Com o poderoso título Minimalismo – Um documentário sobre as coisas importantes, o documentário lançado em 2016 defende que estabelecer prioridades na hora de consumir seja uma filosofia de vida. Essa estética clean de Joshua Fields Millburn e Ryan Nicodemus, criadores do documentário e também do site The minimalists, é algo que entra em choque com alguns valores marcantes da cultura norte-americana, que associa fortemente o consumo ao status.
Nas redes sociais, um discurso que relativiza o consumismo excessivo vem ganhando força nos últimos tempos, tendo como pano de fundo questões relacionadas com a sustentabilidade e o comércio justo. Ao mesmo tempo, o visual depurado do estilo escandinavo dominou desde o compartilhamento de fotos online, até o design de mobiliário. Mas para cada movimento ou tendência, surge sempre em paralelo a discussão em torno de seu oposto. Afinal, o conceito de uma vida mais significativa tem ou não tem a ver com o tal do “viver com menos”? E, mais do que isso: o minimalismo é para todo mundo?
O outro lado
Em uma coluna publicada em março no The Guardian, Chelsea Fagan, editora do The Financial Diet, é categórica: “Eu odeio o minimalismo”. Basicamente, ela defende que a estética do “branco-sobre-branco-sobre-branco” é uma hiper-curadoria que transmite uma mensagem de uma decoração que não é “real” ou possível para a grande maioria. “Vamos ser claros sobre o que a estética minimalista, ao menos como uma escolha de estilo pessoal, na verdade é: um arremedo de ideais de simplicidade e até mesmo, em certo grau, de ascetismo, sem realmente desistir do luxo”, escreveu.

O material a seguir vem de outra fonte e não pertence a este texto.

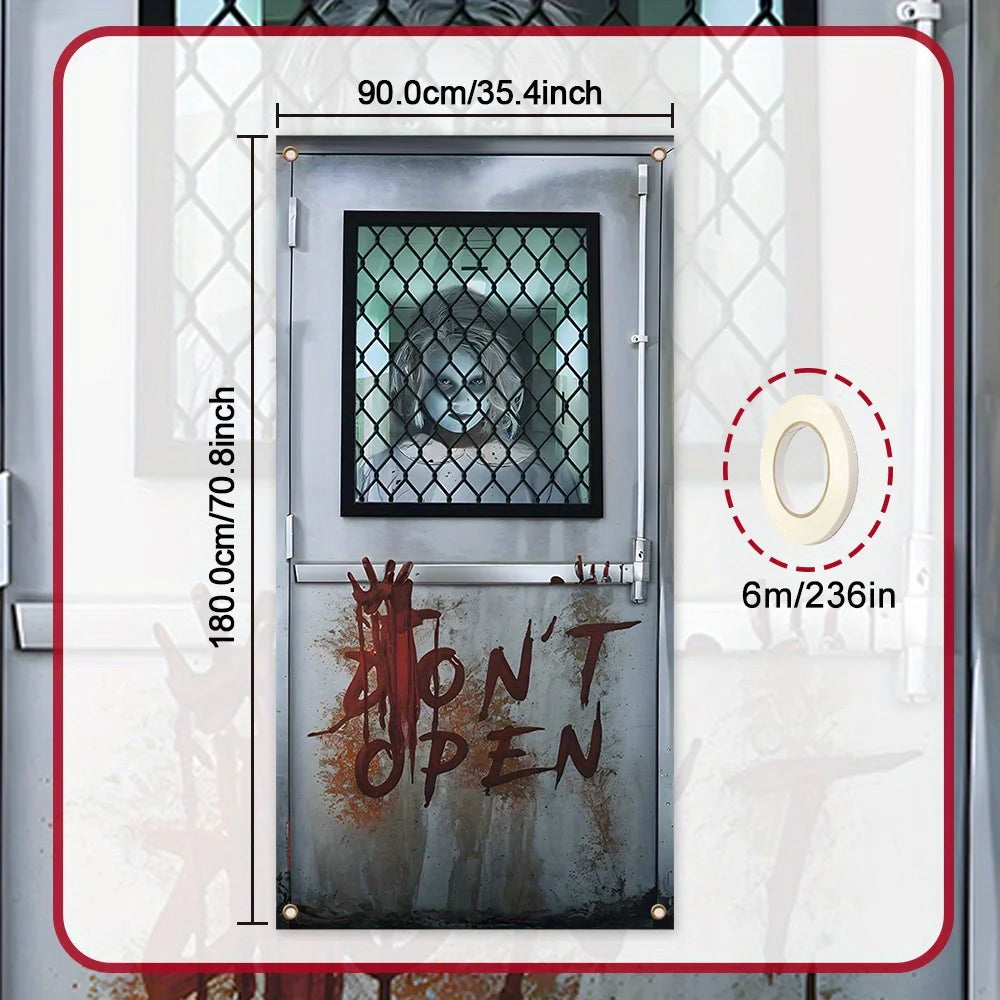 Halloween door decorations for festivals, made of polyester, multi-purpose, suitable for both indoor and outdoor use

Ela defende que a ideia de comprar menos teria a ver com o conceito de “comprar melhor” e isso seria uma forma de consumo que passa para o mundo uma “falsa ideia de espiritualidade”. “Olha só quantas coisas eu me recuso a comprar, e os itens incrivelmente caros, únicos, que eu julguei dignos! Acredito que temos o direito de comprar o que quisermos, mas fingir que a intenção e o custo de uma vida minimalista-chique não é uma postura privilegiada é ridículo”.

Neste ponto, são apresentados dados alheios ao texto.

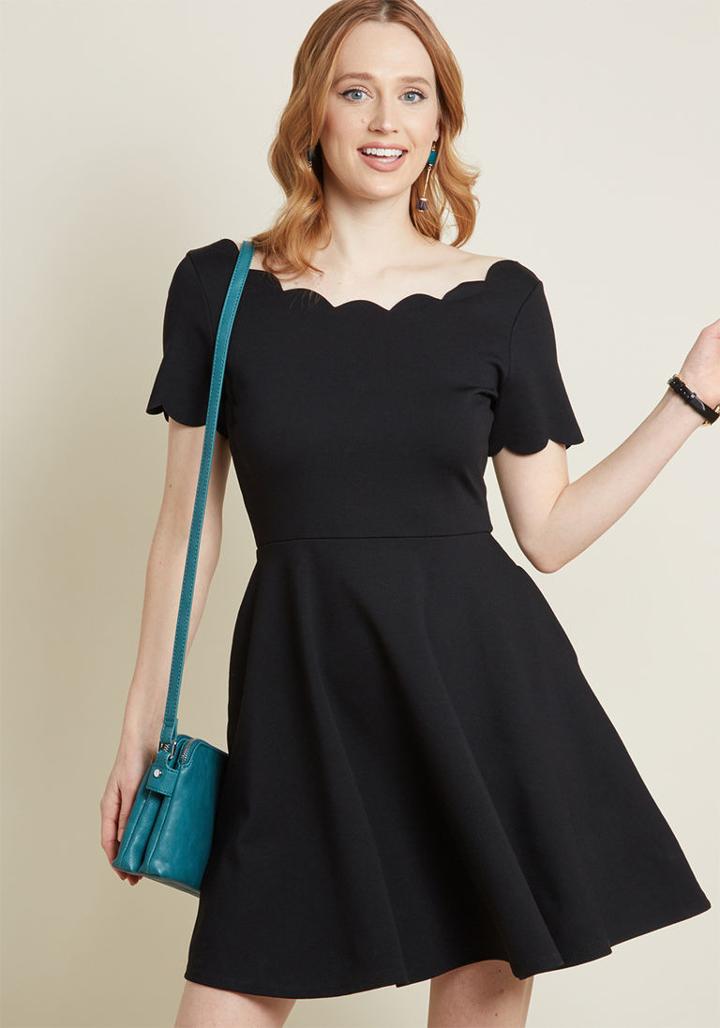 Smakparlour Smak Parlour Jukebox Jams Short Sleeve Dress In Black In 3x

Menos radical, outra jornalista se dedicou ao tema recentemente em um texto publicado no The New York Times. Jacoba Urist conta a história da apresentadora de TV e blogueira de lifestyle Karen Bertelsen, que tentou por um período focar tempo (e dinheiro) em experiências que fossem mais significativas para sua vida e não tanto no consumo de bens. Ela fez uma limpeza em sua casa e se livrou da maior parte de seus pertences em pouco mais de duas semanas. Documentou esse novo modo de vida em sua página no Instagram mas, ao final do percurso, constatou que o estilo minimalista colidiu com a sua vida diária.
“Eu quero ver as baquetas do último show de Ramones em que eu fui em 1994, ou a pedra que eu peguei subindo uma montanha em Vancouver. Quero ver os títulos de todos os livros que li”, escreveu.
Funciona para você?
O minimalismo pode, sim, ser uma espécie de “religião” dos novos tempos. Ele é uma resposta, antes de tudo, a um mundo de consumo desenfreado e de espaços cada vez mais reduzidos. Ele pode ser opressivo para outros tantos, que percebem o movimento como uma demanda por uma vida quase “asséptica”. Viver com menos pode ser muito satisfatório, mas certamente é mais difícil do que parece.

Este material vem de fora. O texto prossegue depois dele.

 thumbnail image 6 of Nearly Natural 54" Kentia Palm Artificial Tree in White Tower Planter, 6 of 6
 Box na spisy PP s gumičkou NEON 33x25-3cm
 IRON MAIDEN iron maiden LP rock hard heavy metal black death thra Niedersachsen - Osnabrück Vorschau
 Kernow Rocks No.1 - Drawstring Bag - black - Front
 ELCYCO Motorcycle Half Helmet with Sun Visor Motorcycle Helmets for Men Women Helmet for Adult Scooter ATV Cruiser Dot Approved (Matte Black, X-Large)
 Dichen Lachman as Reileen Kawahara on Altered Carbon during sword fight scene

Uma coisa que não muda é a necessidade de que, mais do que uma decisão consciente sobre como é (ou deveria ser) o seu estilo de viver, a casa traga conforto. O lar precisa ser um encontro com a nossa história – e o mais interessante é que cada um conte a sua do seu jeito. Seja qual for o seu ponto de vista sobre a onda do viver com menos, o bem-estar é um conceito subjetivo e a “casa feliz” é sempre aquela que representa mais a visão de mundo de quem nela habita, do que um “programa” pré-estabelecido.
Como já lembrou o escritor moçambicano Mia Couto, em um trecho do livro Um rio chamado tempo, uma casa chamada terra: “O importante não é a casa onde moramos. Mas onde, em nós, a casa mora!”